Return the full listing word for word, but drop every picture from it.

+--

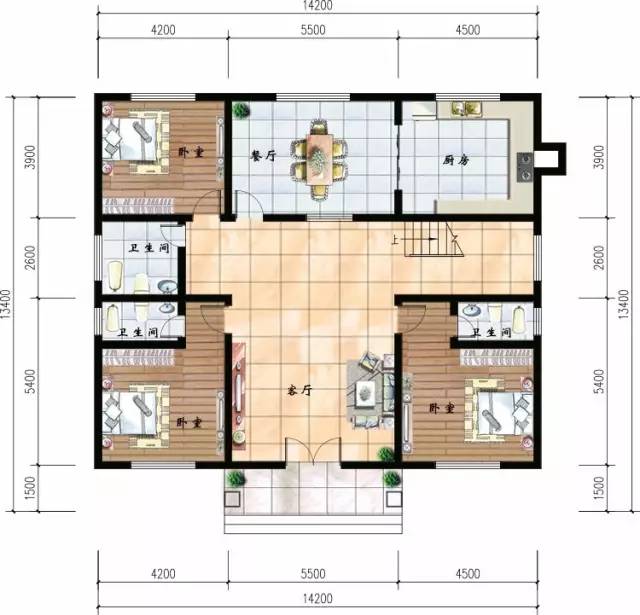 二層別墅封閉式陽臺設(shè)計，對稱美才是獨一無二的美！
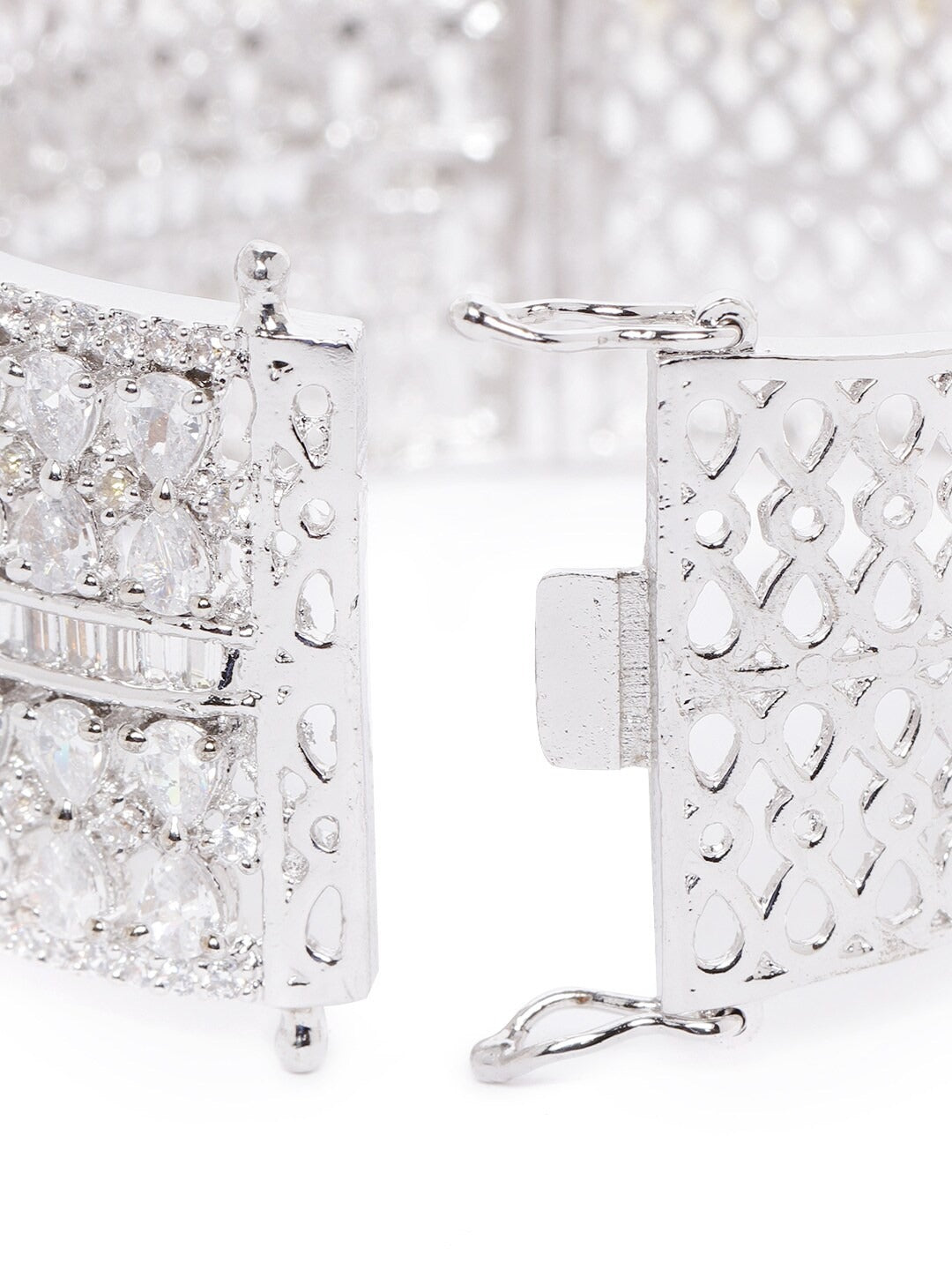 Women Silver- Plated AD Stone Studded Handcrafted Bangle Style Bracelet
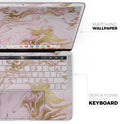 Rose Pink Marble & Digital Gold Frosted Foil V14 - Skin Decal Wrap Kit Compatible with the Apple MacBook Pro, Pro with Touch Bar or Air (11", 12", 13", 15" & 16" - All Versions Available)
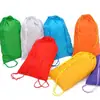 Mochila Saco de Cordão de Ombro Duplo 210D, Todas as Cores em Estoque, Bolsa para Guardar Sapatos, Saco de Armazenamento com Cordão, Bolsa Colorida de Poliéster com Cordão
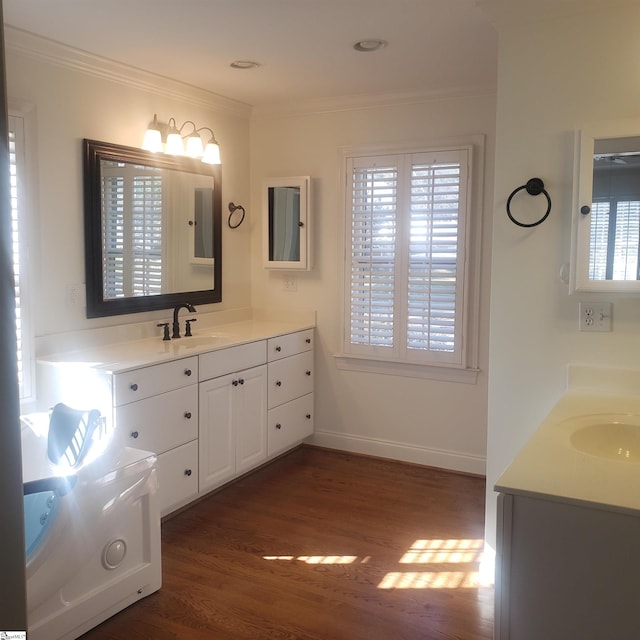 bathroom with vanity, wood-type flooring, and ornamental molding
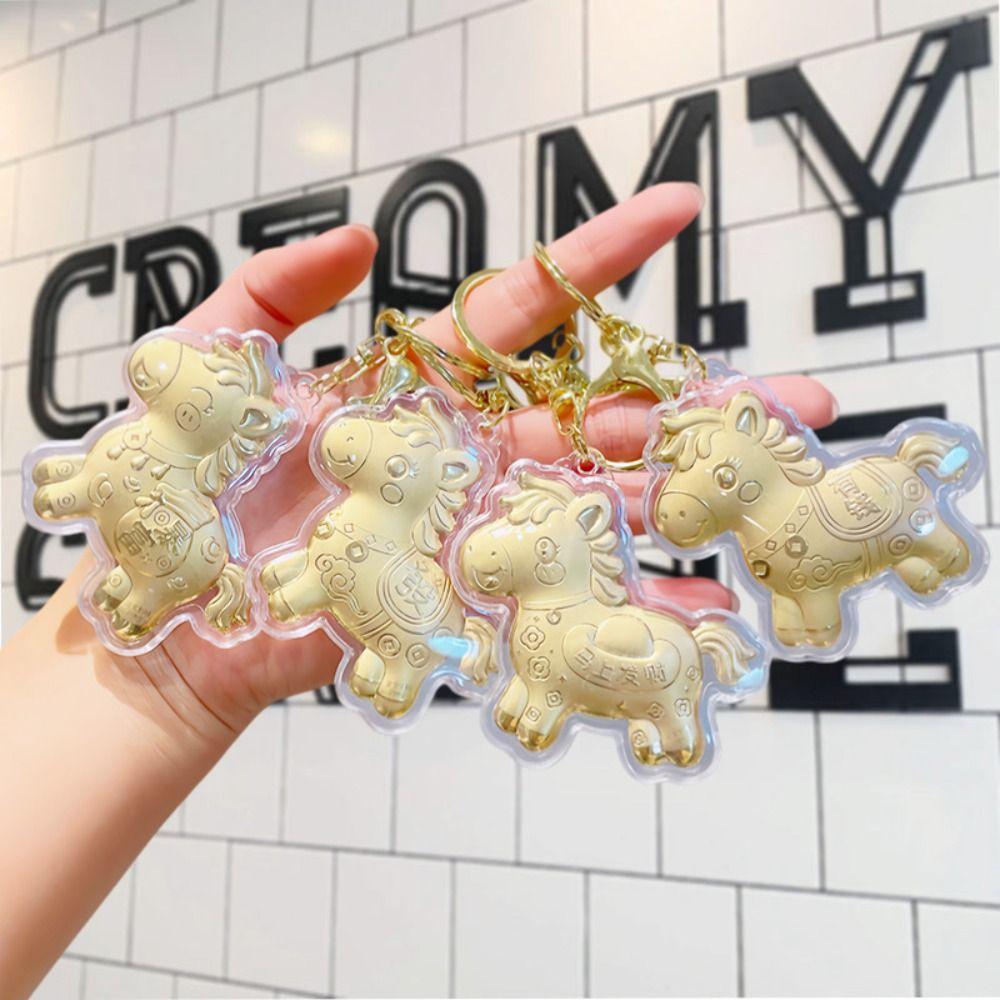 Wealthy Gold Horse Keychains Luck Bag Pendant Bags Accessory Pony Keychain  Chinese New Year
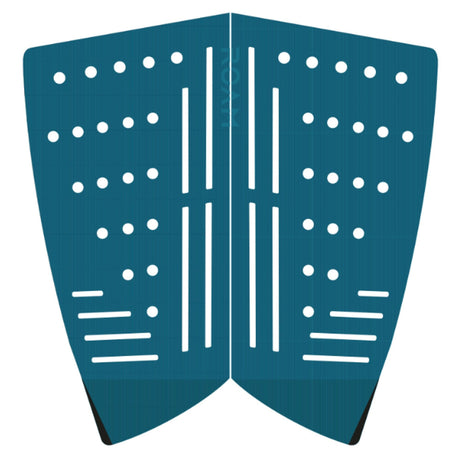 Roam Footpad Deck Lite Traction Pad 2-teilig, petrolblau mit weißen Griffflächen, zweiteiliges Griffpad für Surfboard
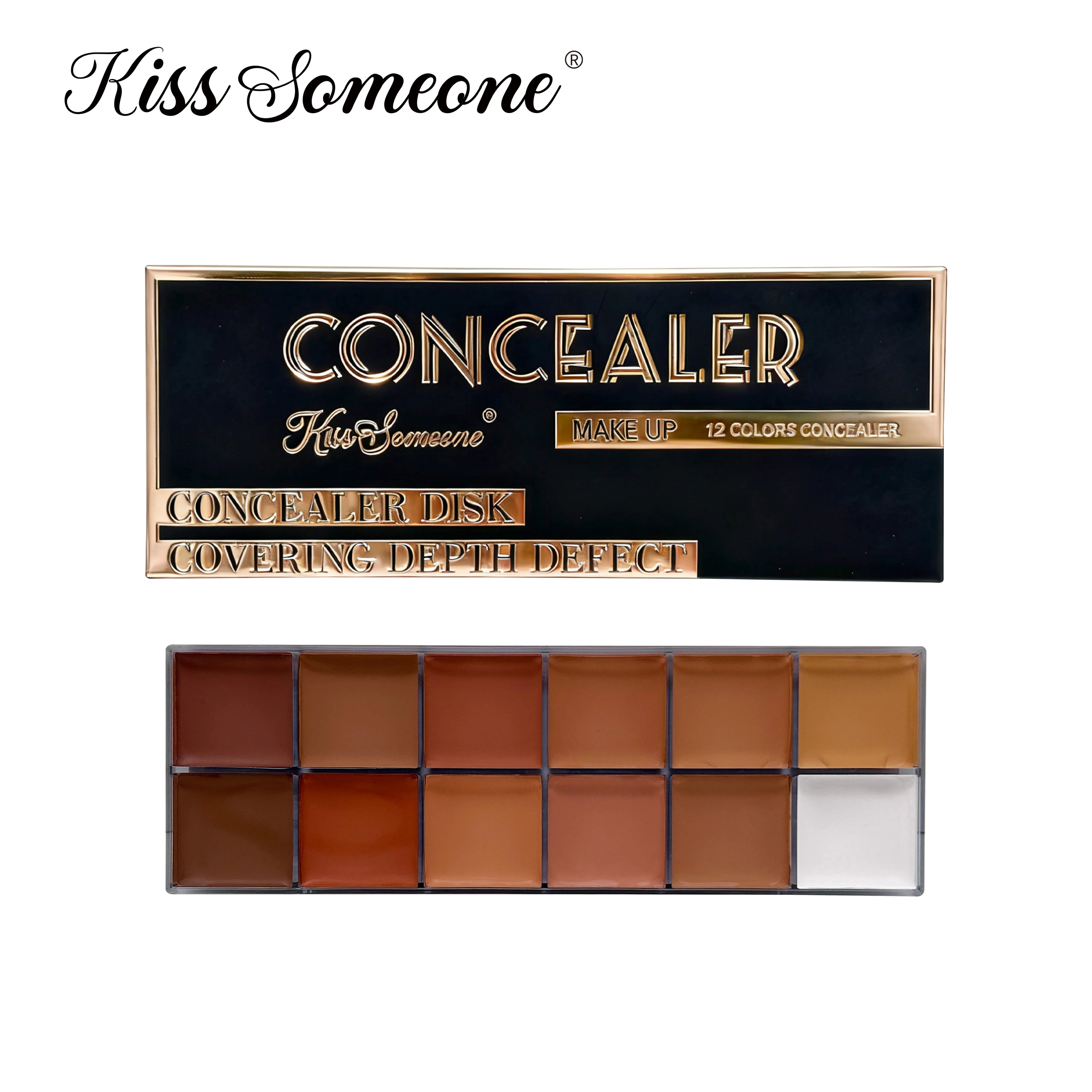 12 Color Concealer Dark Skin Waterproof Full Cover Foundation Make-Up Beauty Makeup Face Makeup Sunscreen Powder Blusher Eye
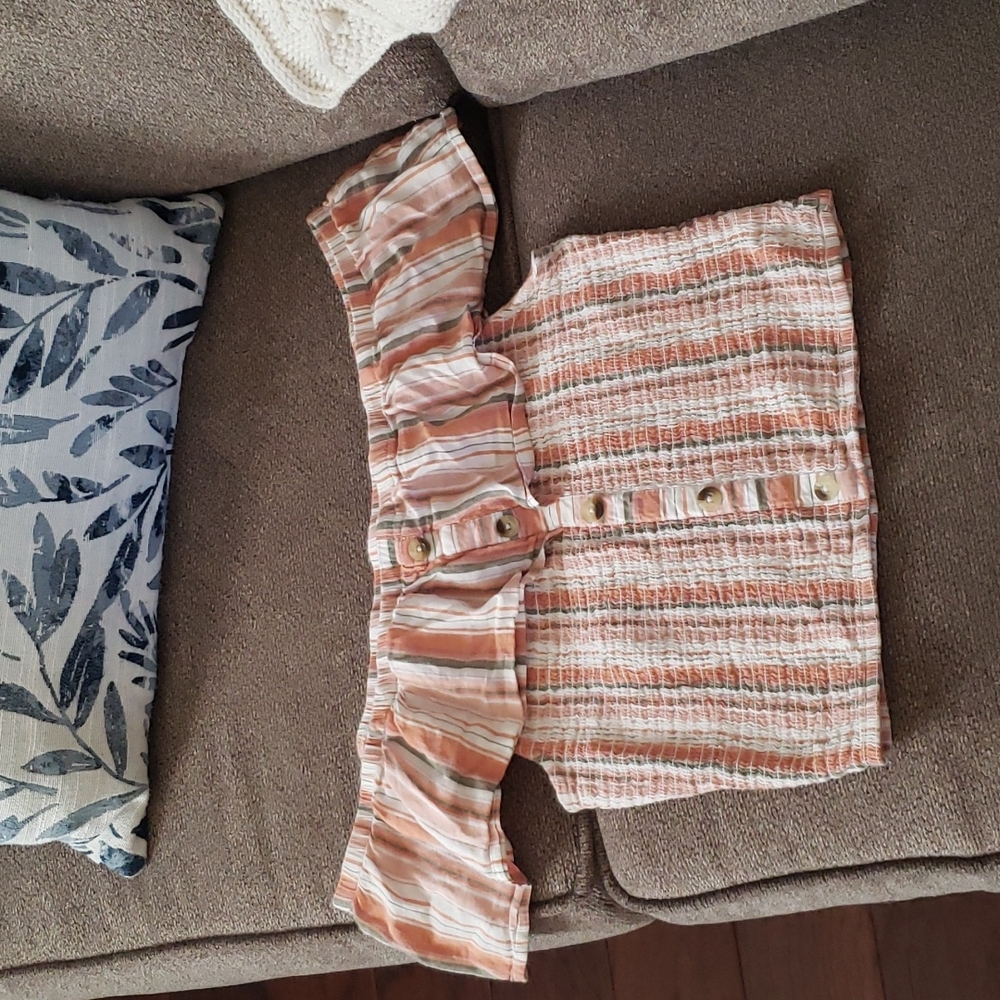 4/$16! Dizzire striped ruffle off-the-shoulder crop top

+--

Answer for this exercise:
 二層別墅封閉式陽臺設(shè)計，對稱美才是獨一無二的美！
 Women Silver- Plated AD Stone Studded Handcrafted Bangle Style Bracelet
 Rose Pink Marble & Digital Gold Frosted Foil V14 - Skin Decal Wrap Kit Compatible with the Apple MacBook Pro, Pro with Touch Bar or Air (11", 12", 13", 15" & 16" - All Versions Available)
 Mochila Saco de Cordão de Ombro Duplo 210D, Todas as Cores em Estoque, Bolsa para Guardar Sapatos, Saco de Armazenamento com Cordão, Bolsa Colorida de Poliéster com Cordão
 bathroom with vanity, wood-type flooring, and ornamental molding
 Wealthy Gold Horse Keychains Luck Bag Pendant Bags Accessory Pony Keychain  Chinese New Year
 Roam Footpad Deck Lite Traction Pad 2-teilig, petrolblau mit weißen Griffflächen, zweiteiliges Griffpad für Surfboard
 12 Color Concealer Dark Skin Waterproof Full Cover Foundation Make-Up Beauty Makeup Face Makeup Sunscreen Powder Blusher Eye
 4/$16! Dizzire striped ruffle off-the-shoulder crop top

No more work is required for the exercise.